Sin embargo, lo ideal para construir una vivienda sana es llevar a cabo  sistemas constructivos que nos aseguran una buena aislación térmica en su envolvente, sin aislantes en el interior de las paredes que puedan descomponerse y desprender partículas que llegan a nuestros pulmones. Si el material de aislamiento no es natural, las partículas serán tóxicas para nuestro organismo. En ese sentido, la construcción con ladrillos cerámicos cumple esas características: no generan ni agravan ninguna enfermedad; aseguran la temperatura interior, la humedad relativa y las condiciones acústicas. No hay emisiones de contaminantes de origen físico, químico ni biológico. Las instalaciones, por estar embutidas, no emiten contaminación electromagnética en ningún caso. Además, los ladrillos cerámicos no son atacados por roedores, no pierden su durabilidad con el tiempo, ni cambian de color con los rayos UV.

 

“El formaldehido es un componente químico perjudicial para la salud.
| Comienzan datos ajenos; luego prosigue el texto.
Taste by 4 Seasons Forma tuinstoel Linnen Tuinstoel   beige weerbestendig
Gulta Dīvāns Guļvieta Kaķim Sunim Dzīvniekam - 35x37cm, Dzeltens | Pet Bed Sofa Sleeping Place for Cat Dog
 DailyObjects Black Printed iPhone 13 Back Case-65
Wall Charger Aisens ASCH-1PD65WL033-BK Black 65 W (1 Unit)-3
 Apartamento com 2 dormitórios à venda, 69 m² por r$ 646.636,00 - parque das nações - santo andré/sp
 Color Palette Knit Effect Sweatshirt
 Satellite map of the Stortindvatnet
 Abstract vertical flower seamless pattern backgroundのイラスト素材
No obstante, se ha descubierto que existen diferentes formas de evitarlo y así poder construir una vivienda sana y convertir el hogar en un espacio más saludable”, concluyó Amerise.

 

* Arq. Sandra Amerise, asesora en Sustentabilidad del Grupo UNICER. Arquitecta (UBA) y máster en Economía Urbana (Universidad Torcuato Di Tella). Presidente del Centro de Investigación y Desarrollo Institucional (CIDI) y docente de Arquitectura Sustentable en la UBA. Fue asesora de la Legislatura de la Ciudad de Buenos Aires en diferentes proyectos, en los que se destaca la actual Ley de Terrazas Verdes.